C. Titus Brown, a bioinformatician at the University of California, Davis, and his team are creating tutorials for Terra as part of their work for the NIH Common Fund Data Ecosystem, a data-reuse initiative. Although he finds the platform promising, Brown cautions that cloud computing is still new, and says that it will be some time before it’s the best option for everybody. “There’s a technological adoption curve,” he explains, “and we’re still [in the] very early stages.” Few scientists are comfortable working in the cloud, even with Terra’s relatively user-friendly interface. And researchers and institutions are more familiar with buying computers than renting time on them.
And then there’s the fact that the cost of cloud computing can be opaque. Alexander Bick, a human geneticist at Vanderbilt University Medical Center in Nashville, Tennessee, recalls one student who inadvertently over-requested computing resources on Terra, racking up a US$500 tab for a job that should have cost just $5. “It was among the most expensive runs that we had,” he says. But it was also comparable to wasting a vial of antibodies, he notes. “It’s all relative.”

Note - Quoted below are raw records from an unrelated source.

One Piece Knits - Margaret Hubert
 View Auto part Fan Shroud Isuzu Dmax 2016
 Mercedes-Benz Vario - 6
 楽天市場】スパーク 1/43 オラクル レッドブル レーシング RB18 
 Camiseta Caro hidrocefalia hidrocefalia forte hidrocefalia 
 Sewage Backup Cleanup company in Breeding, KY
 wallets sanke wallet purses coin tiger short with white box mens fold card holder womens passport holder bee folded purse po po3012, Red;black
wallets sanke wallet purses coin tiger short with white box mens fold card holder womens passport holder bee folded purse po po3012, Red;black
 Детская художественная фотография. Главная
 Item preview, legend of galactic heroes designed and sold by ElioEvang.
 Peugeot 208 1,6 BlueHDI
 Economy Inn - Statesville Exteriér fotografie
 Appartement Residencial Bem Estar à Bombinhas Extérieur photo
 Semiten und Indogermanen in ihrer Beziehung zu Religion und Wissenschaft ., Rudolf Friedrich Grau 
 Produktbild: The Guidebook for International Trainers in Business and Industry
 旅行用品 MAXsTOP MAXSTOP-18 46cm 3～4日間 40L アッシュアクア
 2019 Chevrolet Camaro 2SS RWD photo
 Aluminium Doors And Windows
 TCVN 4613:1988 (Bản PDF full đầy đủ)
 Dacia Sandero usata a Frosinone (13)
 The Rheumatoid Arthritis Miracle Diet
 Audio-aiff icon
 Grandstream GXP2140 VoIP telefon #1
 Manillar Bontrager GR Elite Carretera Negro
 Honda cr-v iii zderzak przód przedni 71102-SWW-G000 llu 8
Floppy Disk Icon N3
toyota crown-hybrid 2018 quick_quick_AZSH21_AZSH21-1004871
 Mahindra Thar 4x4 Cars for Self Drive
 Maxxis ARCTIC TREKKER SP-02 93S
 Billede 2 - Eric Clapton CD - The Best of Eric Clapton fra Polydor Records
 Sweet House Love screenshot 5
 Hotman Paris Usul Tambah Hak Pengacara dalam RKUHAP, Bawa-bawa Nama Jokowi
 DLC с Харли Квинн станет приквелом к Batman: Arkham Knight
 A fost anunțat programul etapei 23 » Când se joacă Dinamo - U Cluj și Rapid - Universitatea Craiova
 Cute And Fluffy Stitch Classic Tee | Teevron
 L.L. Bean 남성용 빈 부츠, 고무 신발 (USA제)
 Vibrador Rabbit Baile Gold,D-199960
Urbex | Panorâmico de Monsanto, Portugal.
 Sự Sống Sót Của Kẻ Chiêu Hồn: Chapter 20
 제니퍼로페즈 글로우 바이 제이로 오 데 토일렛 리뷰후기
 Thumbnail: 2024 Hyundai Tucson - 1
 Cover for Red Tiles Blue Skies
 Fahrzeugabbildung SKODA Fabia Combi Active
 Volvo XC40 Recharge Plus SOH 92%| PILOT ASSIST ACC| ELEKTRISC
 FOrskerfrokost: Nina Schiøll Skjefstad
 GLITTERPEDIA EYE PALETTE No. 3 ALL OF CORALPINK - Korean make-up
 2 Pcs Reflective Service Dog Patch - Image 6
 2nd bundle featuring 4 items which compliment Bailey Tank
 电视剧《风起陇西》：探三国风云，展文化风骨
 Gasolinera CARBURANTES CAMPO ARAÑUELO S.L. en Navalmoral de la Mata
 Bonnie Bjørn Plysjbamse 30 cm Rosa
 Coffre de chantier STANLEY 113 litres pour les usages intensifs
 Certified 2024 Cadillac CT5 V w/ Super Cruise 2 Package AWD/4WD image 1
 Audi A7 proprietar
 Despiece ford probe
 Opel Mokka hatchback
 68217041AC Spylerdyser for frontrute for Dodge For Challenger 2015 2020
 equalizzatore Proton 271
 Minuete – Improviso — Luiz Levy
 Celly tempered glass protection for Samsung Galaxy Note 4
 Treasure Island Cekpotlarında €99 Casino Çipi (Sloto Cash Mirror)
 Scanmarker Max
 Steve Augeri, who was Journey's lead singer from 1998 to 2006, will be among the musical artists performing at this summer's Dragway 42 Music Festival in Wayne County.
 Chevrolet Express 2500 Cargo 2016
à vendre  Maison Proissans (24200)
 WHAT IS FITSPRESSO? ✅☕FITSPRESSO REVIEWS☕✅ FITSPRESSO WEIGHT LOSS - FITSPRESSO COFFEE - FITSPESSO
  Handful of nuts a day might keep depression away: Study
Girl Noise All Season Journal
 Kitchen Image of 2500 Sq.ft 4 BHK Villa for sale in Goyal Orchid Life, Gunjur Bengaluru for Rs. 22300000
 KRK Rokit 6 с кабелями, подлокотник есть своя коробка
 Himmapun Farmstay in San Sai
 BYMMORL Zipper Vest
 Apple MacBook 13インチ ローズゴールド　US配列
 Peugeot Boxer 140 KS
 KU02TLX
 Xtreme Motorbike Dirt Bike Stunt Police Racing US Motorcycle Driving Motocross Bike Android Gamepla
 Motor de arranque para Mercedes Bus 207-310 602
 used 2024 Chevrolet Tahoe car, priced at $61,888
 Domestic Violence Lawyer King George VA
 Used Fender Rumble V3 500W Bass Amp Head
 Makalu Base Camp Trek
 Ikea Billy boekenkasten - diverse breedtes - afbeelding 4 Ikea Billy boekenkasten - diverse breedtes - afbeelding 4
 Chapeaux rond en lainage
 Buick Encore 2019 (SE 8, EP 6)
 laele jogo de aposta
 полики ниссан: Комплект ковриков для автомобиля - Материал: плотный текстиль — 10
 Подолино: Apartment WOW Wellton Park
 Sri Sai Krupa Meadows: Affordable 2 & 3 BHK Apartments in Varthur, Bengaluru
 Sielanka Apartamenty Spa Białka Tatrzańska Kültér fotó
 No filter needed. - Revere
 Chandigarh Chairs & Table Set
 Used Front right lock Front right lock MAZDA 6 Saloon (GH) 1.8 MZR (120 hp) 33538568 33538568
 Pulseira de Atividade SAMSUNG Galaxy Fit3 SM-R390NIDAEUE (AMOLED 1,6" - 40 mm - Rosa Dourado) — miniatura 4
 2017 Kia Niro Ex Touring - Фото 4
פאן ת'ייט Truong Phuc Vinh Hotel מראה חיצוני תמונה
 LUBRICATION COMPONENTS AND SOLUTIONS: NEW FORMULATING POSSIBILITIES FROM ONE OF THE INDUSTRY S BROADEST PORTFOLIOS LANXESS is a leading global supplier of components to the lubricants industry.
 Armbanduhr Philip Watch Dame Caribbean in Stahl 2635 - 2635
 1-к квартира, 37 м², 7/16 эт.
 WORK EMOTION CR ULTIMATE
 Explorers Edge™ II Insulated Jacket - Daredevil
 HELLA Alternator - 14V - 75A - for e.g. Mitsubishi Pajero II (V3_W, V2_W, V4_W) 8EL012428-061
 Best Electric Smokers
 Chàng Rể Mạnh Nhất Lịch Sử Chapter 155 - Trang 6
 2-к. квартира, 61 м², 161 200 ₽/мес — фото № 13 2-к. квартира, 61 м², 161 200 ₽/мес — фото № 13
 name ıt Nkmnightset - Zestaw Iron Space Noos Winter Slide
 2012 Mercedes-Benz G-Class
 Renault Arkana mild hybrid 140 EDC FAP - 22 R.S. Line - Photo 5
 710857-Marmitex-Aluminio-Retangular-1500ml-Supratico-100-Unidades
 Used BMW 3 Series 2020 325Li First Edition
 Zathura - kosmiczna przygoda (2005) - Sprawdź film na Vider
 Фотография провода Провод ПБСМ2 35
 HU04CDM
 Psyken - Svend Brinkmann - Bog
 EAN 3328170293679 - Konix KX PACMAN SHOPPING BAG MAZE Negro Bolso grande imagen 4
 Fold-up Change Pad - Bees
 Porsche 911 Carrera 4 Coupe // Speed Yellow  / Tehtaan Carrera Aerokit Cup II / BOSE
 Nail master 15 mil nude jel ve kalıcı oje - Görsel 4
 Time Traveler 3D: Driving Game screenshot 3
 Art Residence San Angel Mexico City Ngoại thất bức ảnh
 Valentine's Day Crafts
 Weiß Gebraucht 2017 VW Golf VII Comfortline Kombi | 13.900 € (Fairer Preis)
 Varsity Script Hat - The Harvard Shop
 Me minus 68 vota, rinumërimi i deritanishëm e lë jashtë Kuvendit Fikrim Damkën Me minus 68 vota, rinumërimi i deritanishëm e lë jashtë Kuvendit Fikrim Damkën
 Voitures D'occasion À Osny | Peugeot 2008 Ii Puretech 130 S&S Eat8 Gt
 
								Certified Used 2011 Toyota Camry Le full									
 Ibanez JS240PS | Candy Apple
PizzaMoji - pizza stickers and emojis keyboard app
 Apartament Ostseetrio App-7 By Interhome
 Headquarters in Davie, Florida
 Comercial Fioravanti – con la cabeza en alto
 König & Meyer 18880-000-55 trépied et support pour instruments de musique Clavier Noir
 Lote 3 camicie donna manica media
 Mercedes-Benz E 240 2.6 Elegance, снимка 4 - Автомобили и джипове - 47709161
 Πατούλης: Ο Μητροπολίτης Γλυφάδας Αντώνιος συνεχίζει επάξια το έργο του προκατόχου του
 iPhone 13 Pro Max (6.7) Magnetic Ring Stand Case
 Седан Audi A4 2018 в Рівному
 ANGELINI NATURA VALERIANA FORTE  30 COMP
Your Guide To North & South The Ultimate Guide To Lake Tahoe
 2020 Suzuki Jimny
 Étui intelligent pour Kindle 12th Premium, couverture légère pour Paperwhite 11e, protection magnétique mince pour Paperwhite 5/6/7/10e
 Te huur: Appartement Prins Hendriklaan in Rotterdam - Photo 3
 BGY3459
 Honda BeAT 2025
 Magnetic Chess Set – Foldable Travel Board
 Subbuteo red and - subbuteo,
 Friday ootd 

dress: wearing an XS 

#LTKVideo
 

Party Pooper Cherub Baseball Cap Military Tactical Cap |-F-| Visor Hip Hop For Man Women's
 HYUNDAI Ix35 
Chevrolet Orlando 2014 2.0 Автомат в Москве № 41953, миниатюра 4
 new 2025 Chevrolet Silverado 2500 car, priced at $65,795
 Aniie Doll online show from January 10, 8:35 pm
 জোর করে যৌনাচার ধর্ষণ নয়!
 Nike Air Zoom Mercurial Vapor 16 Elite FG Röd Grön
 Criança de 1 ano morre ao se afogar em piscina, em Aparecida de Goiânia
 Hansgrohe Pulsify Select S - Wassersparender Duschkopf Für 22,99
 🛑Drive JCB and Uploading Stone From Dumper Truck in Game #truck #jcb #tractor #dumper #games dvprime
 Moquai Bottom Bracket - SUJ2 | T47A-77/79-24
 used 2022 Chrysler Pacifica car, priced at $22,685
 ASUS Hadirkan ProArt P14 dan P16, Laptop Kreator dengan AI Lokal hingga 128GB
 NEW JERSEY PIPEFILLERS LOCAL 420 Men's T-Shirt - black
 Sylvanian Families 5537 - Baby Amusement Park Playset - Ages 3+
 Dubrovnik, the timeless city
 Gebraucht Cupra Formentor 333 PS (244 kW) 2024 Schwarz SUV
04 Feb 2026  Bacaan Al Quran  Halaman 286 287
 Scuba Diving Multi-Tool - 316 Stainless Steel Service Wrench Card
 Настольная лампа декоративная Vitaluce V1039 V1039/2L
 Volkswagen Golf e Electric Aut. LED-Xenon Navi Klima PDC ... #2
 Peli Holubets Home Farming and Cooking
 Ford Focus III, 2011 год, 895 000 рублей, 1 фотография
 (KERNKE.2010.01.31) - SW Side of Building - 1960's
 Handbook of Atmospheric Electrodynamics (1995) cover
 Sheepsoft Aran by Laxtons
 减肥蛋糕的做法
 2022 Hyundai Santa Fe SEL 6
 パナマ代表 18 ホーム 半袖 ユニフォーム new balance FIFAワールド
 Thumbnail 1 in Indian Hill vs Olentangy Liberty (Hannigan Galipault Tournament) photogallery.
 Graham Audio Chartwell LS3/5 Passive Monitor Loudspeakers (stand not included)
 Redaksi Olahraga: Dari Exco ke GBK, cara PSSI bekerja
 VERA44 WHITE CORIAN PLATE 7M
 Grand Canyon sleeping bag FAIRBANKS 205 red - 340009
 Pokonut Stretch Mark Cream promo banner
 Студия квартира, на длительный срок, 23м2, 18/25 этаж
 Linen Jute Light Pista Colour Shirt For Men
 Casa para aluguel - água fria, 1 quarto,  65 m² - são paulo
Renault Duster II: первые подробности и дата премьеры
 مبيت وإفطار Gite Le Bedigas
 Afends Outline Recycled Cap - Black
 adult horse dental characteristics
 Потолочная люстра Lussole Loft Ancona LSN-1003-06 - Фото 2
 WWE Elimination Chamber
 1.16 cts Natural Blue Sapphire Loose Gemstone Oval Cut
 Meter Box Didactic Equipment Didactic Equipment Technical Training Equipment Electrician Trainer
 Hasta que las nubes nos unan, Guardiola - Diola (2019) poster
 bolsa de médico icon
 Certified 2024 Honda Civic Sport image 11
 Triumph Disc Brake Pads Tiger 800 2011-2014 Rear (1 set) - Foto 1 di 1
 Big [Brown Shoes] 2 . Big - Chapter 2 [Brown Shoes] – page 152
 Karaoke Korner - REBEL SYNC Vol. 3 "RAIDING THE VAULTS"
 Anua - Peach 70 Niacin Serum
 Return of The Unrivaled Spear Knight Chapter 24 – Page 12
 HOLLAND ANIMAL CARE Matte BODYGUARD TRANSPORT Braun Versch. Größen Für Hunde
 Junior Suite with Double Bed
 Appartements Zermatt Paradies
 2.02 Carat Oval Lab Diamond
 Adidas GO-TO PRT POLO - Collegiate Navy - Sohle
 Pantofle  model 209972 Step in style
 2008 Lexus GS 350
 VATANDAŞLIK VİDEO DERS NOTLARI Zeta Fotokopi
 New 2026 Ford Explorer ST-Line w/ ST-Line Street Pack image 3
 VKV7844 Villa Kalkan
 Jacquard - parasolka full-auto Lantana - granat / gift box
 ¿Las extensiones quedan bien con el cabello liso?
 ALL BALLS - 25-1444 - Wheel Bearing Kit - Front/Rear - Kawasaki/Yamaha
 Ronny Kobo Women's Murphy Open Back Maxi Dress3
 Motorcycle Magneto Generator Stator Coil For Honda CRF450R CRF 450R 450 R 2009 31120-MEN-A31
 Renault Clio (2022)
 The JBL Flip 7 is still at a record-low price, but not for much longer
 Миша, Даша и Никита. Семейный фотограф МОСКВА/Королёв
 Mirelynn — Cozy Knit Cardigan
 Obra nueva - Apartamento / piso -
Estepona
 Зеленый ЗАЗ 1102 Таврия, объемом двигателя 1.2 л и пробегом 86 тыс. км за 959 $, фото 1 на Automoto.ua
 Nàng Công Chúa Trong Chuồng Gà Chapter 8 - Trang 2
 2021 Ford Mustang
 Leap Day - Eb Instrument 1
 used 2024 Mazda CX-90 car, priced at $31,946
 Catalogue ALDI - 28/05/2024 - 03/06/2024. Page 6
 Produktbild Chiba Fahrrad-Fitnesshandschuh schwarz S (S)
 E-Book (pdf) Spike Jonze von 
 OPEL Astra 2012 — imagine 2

Schatz advises starting small, for instance by analysing a few samples to assess the per-sample cost, then scaling up. Establish firewalls so intensive workflows don’t burn through your budget. And optimize your workflow, adds Ryan Collins, a computational geneticist and PhD student at Harvard Medical School in Boston. “Every additional gigabyte of RAM that you request is going to translate directly to a cost that will get billed back to you,” he says.
Terra’s website lists workspaces that bundle different workflows together with model data, including pricing details to help users estimate the cost for their own data. Some 56 such featured workspaces have been created, Van der Auwera says, including two from the Human Cell Atlas project.
For Brown, Terra shines when working with data that are either sensitive or extremely large. Privacy rules preclude working with sensitive health data on insecure systems, he notes. And downloading data from the cloud can be expensive, with some data sets costing tens of thousands of dollars to download because of their size. “If instead you can spend $3,000 on Terra to do your computing, that’s clearly a win.”
Besides, in many cases there is no other practical option, Karlsson notes, even for institutions with high-performance local computing resources. Powerful on-premises clusters, such as MARCC, can still struggle with modern genomics data sets. “Whether Terra or something else, we need something to get to this huge data-scale environment,” she says.